WHAT YOU ARE ASKED TO DO: Exclude the pictures, and otherwise reproduce the data in full.

[Image-text web data]
====
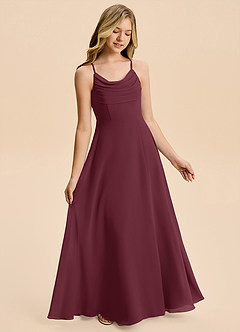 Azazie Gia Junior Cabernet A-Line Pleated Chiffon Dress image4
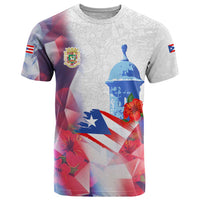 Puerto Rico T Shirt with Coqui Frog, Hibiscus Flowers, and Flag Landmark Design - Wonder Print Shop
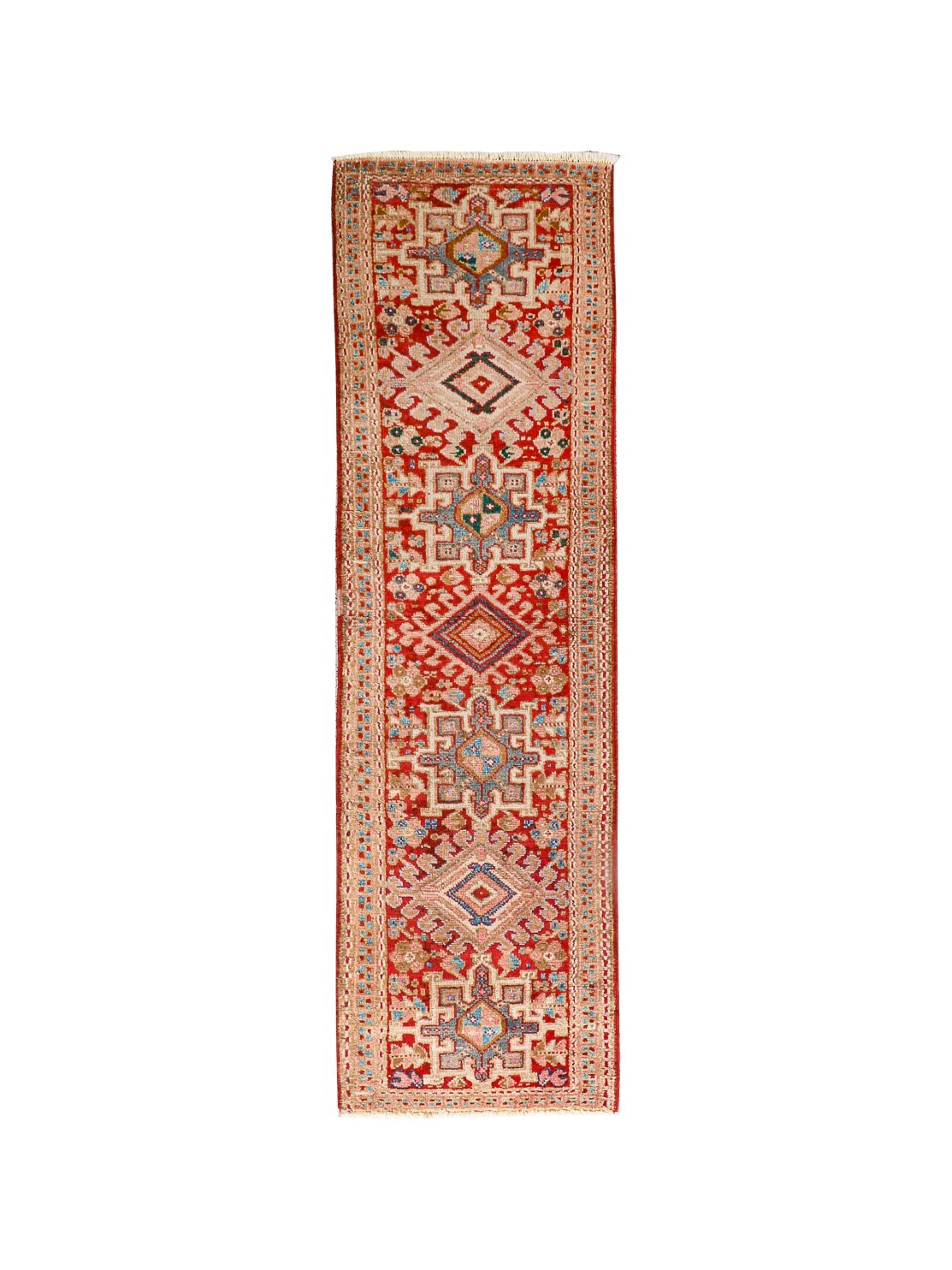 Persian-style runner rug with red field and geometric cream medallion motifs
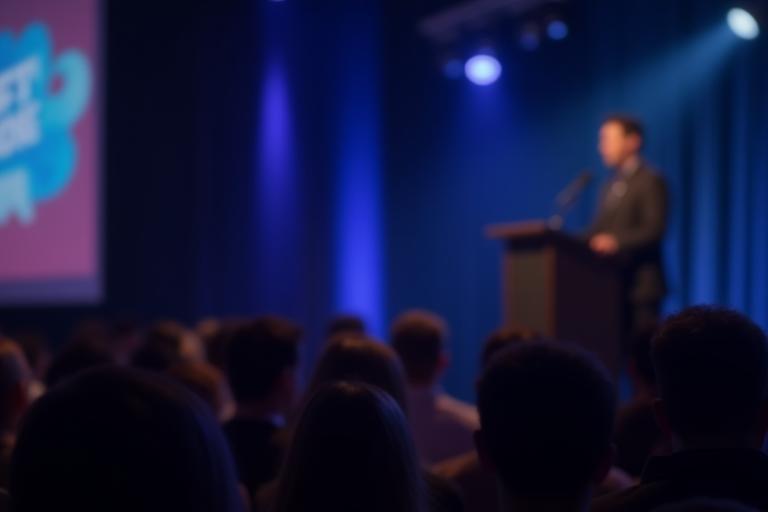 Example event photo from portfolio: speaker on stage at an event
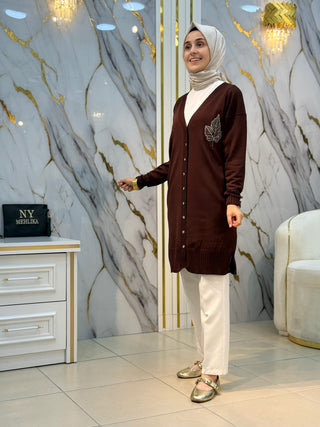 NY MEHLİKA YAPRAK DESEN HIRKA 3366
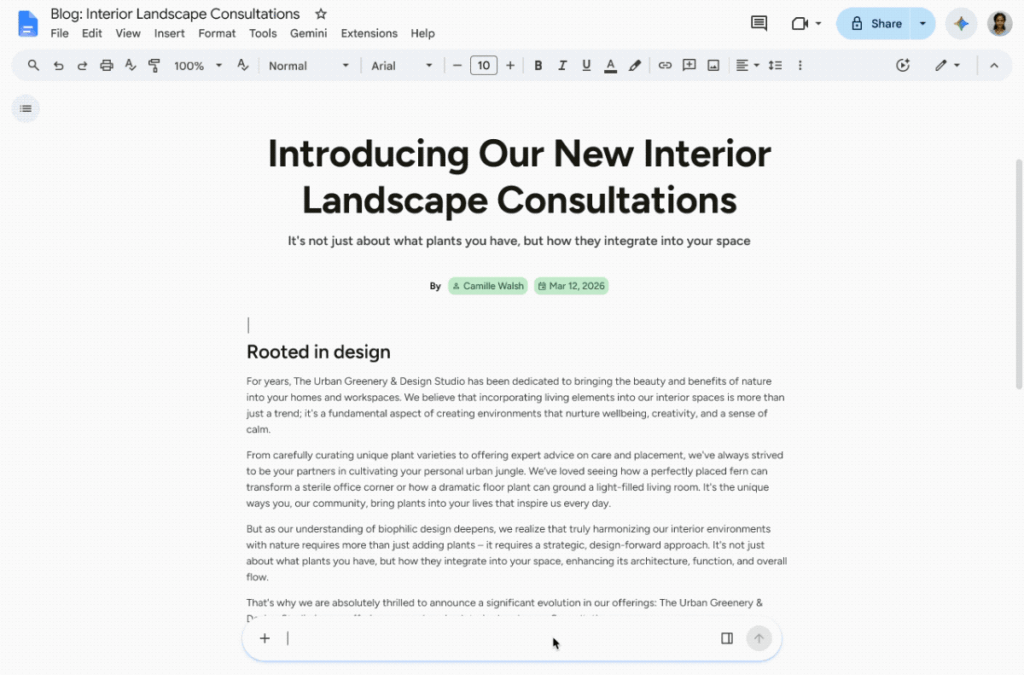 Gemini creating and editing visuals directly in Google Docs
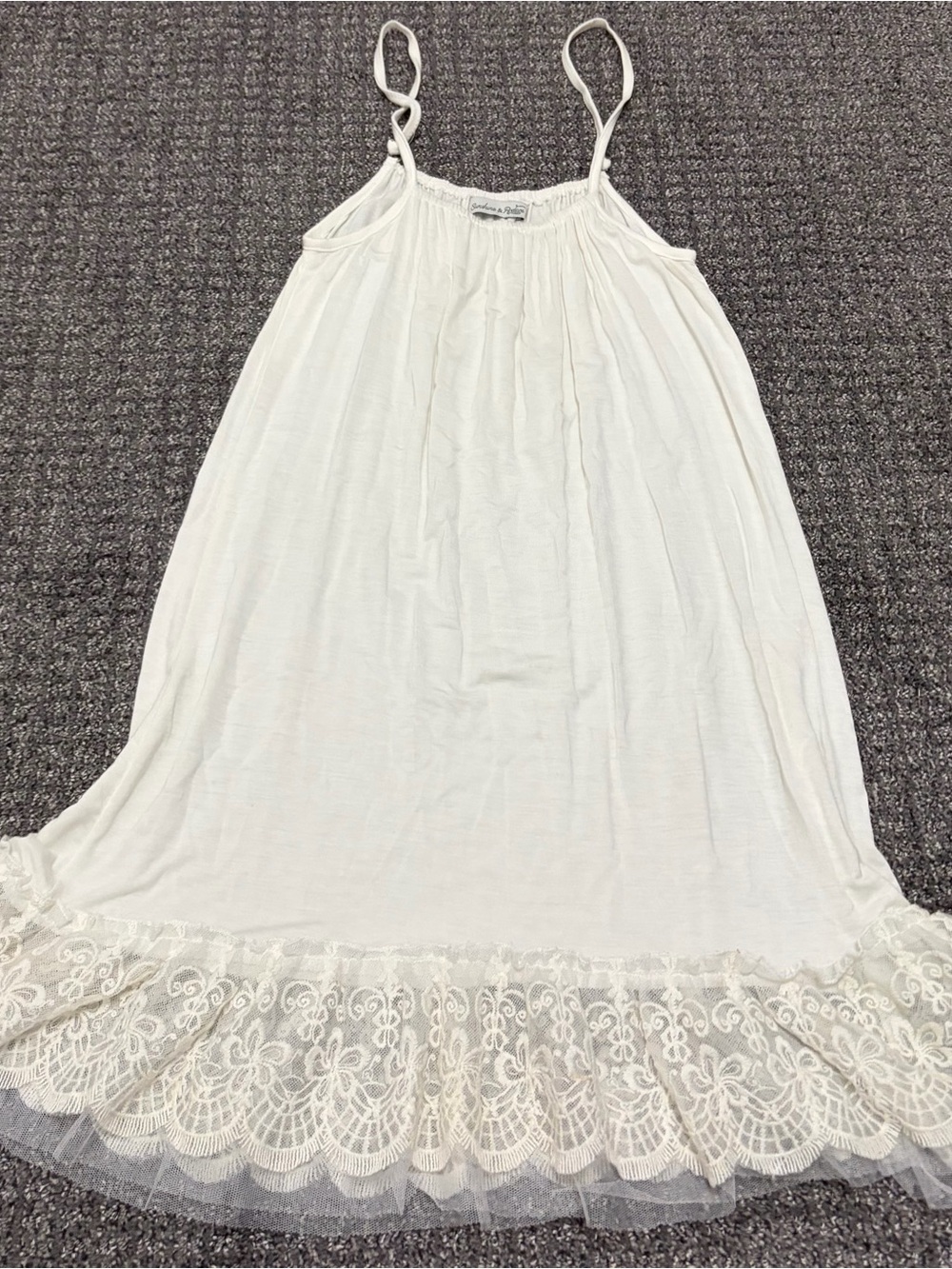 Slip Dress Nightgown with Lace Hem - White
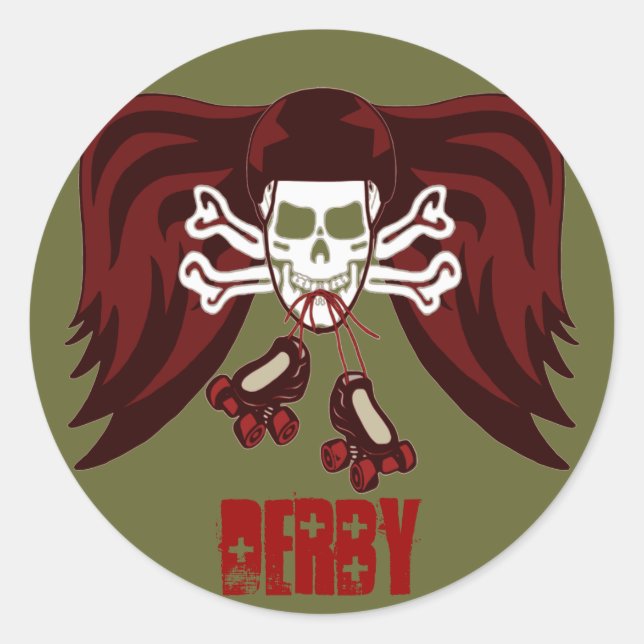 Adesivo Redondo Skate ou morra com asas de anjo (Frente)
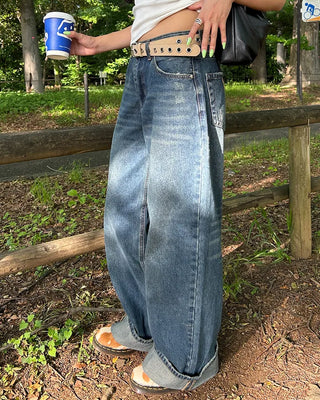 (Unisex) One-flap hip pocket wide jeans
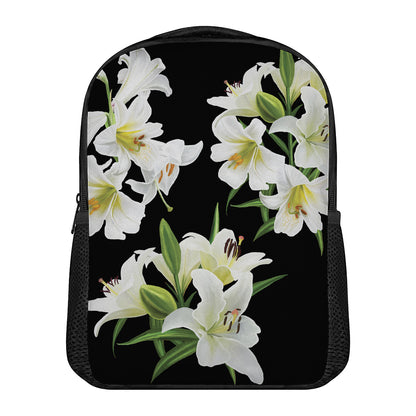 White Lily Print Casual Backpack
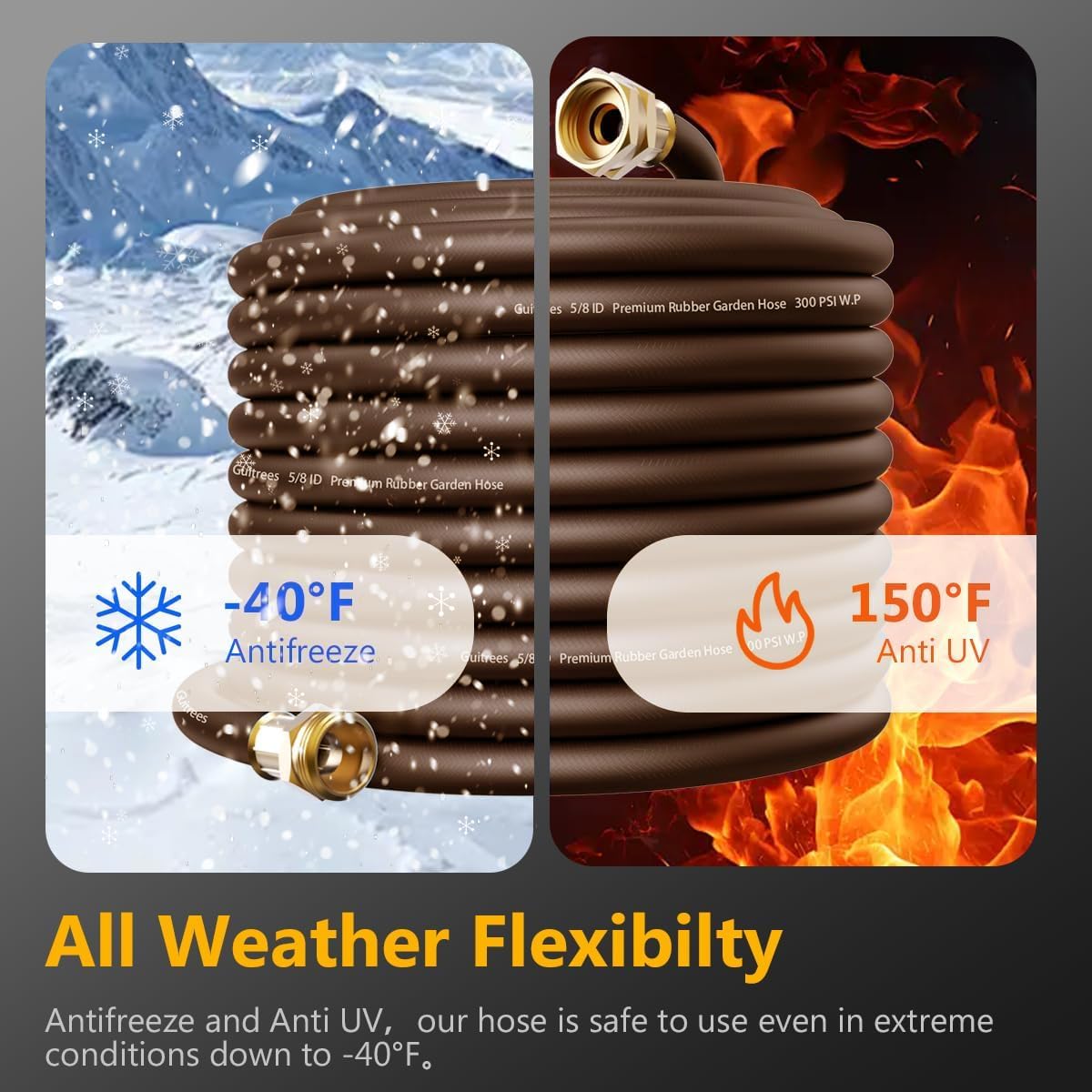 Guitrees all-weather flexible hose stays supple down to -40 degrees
====
ANSWER SPACE:
 Azazie Gia Junior Cabernet A-Line Pleated Chiffon Dress image4
 Puerto Rico T Shirt with Coqui Frog, Hibiscus Flowers, and Flag Landmark Design - Wonder Print Shop
 Persian-style runner rug with red field and geometric cream medallion motifs
 Example event photo from portfolio: speaker on stage at an event
 NY MEHLİKA YAPRAK DESEN HIRKA 3366
 Gemini creating and editing visuals directly in Google Docs
 Slip Dress Nightgown with Lace Hem - White
 Adesivo Redondo Skate ou morra com asas de anjo (Frente)
 (Unisex) One-flap hip pocket wide jeans
 White Lily Print Casual Backpack
 Guitrees all-weather flexible hose stays supple down to -40 degrees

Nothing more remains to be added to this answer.